Eras "amigo da Guiné, agora Guiné-Bissau", mas não confundias o "povo" com a sua "elite dirigente", que começou por ser, em 1974, os "novos senhores da guerra". Tinhas relutância, por exemplo, em apertar as mãos de alguns daqueles homens, novos e antigos senhores da guerra, como o 'Nino' Vieira, que regressava ao poder depois de uma sangrenta guerra civil (a de 1998/99) e de um exílio mais ou menos dourado. E alguns ainda mais sinistros como o Quemo Mané, o Mamadu Injai, o Inocêncio Cani e outros de "segunda linha", que já tinham ido parar aos quintos do "inferno dos combatentes"...
Acabarias por o conhecer pessoalmente, ao 'Nino' Vieira, uns dias depois, numa receção no "palácio presidencial"... Para todos os efeitos, era uma figura institucional, o presidente da república, eleito. Um ano depois, em 2009, era miseravelmente morto. E rapidamente esquecido.
Estranho país aquele onde facilmente se passava de herói a vilão.
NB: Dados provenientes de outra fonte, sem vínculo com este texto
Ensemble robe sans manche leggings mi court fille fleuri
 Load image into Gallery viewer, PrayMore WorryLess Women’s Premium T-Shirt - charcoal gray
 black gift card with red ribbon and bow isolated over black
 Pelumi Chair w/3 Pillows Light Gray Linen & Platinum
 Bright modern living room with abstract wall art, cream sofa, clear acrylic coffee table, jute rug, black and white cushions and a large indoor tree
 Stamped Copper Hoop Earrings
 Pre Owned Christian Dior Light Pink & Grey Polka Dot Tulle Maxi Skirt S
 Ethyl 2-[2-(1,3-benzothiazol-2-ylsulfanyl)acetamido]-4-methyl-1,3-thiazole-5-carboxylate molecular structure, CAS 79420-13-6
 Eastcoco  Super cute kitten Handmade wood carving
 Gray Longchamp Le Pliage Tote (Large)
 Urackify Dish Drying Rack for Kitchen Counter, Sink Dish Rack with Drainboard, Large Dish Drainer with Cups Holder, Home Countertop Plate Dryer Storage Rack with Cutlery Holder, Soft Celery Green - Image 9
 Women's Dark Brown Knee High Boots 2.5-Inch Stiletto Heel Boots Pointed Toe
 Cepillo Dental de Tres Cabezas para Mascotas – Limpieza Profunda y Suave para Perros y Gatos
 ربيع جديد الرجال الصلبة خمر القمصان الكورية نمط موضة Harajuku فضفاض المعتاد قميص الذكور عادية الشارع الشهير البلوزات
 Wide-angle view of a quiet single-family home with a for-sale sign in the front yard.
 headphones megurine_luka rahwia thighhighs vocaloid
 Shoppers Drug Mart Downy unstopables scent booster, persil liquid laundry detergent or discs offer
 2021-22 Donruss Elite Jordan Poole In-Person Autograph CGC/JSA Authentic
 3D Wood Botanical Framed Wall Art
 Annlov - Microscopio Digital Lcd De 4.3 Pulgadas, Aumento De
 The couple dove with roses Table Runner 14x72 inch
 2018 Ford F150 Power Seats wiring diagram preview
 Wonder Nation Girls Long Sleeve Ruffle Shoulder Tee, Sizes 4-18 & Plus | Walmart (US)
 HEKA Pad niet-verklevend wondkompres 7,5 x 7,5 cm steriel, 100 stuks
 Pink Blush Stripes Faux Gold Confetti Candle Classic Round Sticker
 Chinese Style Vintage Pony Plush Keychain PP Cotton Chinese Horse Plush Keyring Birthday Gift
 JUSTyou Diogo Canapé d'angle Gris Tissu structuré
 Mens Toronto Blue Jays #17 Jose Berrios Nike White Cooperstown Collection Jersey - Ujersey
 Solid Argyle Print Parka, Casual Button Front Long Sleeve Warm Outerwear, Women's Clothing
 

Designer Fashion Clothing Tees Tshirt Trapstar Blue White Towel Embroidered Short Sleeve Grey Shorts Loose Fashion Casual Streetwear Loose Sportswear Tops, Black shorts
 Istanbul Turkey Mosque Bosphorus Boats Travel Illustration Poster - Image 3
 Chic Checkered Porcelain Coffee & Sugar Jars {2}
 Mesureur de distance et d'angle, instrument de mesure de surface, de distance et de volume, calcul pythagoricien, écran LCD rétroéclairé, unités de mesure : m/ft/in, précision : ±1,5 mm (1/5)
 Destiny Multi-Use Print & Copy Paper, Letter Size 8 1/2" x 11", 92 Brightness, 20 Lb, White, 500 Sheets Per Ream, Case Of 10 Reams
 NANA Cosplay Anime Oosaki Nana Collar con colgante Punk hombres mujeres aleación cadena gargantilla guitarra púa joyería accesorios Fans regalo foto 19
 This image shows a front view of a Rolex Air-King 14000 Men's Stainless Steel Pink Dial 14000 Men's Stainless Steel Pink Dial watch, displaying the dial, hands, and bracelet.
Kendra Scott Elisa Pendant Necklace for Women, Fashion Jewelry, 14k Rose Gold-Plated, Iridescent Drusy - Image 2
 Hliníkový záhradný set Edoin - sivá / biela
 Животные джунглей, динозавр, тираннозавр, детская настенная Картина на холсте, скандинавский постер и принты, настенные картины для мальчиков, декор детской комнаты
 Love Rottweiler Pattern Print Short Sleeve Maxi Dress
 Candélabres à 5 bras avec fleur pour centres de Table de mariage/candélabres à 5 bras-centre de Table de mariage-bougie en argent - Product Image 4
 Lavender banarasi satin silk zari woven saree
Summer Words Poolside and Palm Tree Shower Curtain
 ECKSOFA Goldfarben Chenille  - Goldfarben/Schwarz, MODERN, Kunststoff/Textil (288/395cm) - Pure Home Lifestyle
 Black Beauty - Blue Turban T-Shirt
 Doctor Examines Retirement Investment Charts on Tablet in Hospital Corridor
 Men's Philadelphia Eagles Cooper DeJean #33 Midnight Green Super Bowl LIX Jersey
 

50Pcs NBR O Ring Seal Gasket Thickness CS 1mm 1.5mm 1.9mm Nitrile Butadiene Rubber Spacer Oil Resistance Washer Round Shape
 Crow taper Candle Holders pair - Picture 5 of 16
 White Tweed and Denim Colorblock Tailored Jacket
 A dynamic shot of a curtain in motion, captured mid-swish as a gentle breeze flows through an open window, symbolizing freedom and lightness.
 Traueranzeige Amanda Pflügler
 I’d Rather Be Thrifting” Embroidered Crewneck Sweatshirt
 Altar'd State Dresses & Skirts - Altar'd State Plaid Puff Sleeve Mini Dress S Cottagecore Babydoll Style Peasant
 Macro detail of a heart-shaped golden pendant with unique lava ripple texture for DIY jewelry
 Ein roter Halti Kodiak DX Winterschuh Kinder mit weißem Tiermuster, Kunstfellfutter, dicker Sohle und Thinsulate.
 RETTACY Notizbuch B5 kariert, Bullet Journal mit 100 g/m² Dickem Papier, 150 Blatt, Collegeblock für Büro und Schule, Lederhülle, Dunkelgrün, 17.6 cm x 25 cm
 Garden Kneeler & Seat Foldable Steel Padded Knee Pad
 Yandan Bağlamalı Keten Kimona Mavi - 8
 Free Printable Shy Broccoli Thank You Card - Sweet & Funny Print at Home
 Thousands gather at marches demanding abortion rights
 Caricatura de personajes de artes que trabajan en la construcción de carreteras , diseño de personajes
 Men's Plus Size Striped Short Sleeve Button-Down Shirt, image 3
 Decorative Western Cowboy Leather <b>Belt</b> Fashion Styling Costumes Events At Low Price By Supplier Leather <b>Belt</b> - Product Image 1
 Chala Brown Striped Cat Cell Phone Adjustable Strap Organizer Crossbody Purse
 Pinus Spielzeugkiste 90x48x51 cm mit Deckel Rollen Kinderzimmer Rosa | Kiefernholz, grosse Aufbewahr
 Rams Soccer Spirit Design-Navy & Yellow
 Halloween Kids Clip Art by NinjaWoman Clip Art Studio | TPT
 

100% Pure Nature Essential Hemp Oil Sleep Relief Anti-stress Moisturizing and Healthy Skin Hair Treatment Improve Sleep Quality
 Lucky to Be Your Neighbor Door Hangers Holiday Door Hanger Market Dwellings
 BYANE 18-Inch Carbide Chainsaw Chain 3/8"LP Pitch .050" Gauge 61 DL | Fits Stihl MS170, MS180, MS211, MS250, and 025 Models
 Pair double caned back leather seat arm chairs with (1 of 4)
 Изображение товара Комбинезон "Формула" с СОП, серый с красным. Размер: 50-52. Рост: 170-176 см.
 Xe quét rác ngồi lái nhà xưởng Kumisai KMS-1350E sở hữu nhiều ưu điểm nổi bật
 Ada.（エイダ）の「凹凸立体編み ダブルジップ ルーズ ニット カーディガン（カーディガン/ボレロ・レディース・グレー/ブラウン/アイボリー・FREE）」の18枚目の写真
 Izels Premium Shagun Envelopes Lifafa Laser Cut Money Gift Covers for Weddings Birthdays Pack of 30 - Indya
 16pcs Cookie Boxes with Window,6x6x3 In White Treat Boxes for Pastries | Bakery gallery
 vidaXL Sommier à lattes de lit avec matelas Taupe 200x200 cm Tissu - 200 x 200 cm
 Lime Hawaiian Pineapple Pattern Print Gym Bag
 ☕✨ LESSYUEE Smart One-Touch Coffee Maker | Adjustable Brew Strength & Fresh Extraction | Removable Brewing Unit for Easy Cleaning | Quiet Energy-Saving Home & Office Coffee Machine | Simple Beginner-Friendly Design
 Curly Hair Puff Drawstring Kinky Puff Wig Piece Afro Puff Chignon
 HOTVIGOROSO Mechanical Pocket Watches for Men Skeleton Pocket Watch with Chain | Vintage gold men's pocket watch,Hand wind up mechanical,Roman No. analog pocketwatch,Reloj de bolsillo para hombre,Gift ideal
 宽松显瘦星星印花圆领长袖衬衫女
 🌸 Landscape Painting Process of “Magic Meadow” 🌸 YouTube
Nada, de resto, que tu não soubesses já, a começar pelo teu país, e a sua história recente.
Ainda tinhas dificuldade em definir o teu estatuto naquela terra a que chamavas "verde-rubra", não obstante a ambivalência das cores que eram também as cores da bandeira dos "tugas", lembrava-te o Tó Brandão, com quem começaste a simpatizar por ser um tipo "porreiro, bonacheirão". Falava-te do passado, sem azedume, embora às vezes com uma pontinha de ironia.
Não achaste a terra assim tão "verde-rubra" como há quarenta anos atrás. Nessa altura, quando desembarcaste de um velho cargueiro colonial, já era a época das chuvas. E o capim começava a crescer como os velhos campos de trigo da tua terra. Nunca gostaste da Guiné no tempo seco, tempo das queimadas e das grandes operações militares, tempo da sede e da insolação, tempo da desidratação e da exaustão, física e emocional...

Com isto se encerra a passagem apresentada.